- **PROBLEM DESCRIPTION**
The answer must be a single number: how many lines in this listing hold the word "Sala".

Start of Block

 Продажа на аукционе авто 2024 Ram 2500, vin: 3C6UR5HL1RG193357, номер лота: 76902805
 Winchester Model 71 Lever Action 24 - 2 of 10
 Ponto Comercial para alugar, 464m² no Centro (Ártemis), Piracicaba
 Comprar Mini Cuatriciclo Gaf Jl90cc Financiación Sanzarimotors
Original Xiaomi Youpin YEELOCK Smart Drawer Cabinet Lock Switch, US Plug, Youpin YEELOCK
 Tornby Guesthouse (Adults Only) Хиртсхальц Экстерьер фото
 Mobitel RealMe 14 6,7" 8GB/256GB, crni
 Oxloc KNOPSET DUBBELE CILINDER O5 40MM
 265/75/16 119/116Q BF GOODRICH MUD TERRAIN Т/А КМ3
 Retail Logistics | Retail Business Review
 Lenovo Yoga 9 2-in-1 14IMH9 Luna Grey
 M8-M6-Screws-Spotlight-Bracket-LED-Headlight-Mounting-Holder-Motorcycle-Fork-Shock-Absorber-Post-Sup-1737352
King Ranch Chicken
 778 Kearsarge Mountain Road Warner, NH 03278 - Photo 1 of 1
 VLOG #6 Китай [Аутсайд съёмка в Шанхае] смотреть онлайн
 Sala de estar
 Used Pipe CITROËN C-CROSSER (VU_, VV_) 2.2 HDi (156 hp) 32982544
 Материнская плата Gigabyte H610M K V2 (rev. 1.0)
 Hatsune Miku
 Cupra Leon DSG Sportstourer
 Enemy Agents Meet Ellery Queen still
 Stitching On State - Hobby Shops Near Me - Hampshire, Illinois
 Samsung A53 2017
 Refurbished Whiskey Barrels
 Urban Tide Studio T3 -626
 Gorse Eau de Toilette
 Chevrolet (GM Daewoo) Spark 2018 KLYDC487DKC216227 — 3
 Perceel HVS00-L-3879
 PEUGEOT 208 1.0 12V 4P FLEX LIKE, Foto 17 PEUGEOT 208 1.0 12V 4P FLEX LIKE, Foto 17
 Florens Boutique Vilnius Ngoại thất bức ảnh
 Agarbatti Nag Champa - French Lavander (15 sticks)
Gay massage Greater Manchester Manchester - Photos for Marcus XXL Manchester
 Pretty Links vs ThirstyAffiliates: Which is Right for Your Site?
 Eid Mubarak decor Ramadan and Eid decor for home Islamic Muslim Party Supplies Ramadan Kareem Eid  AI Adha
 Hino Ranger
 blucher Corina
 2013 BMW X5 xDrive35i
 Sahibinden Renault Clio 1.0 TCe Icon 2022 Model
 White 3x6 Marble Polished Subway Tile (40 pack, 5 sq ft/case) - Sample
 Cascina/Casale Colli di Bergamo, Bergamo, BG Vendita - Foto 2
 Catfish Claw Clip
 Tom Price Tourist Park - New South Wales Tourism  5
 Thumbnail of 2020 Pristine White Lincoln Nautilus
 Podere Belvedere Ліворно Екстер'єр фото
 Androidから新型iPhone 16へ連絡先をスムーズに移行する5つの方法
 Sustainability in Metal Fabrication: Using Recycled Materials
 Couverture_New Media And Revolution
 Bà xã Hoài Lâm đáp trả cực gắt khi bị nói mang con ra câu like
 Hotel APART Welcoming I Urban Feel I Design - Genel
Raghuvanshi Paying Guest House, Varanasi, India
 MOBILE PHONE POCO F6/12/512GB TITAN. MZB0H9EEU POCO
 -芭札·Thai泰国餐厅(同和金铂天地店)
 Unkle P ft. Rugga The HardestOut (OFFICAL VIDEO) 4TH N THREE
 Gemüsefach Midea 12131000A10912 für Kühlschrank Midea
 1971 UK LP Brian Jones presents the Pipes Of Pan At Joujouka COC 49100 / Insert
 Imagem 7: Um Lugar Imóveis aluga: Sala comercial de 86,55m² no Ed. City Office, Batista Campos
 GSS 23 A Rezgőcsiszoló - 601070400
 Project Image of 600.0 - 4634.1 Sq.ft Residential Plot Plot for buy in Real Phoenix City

End of Block

- **OUTPUT OF THE EXERCISE**
2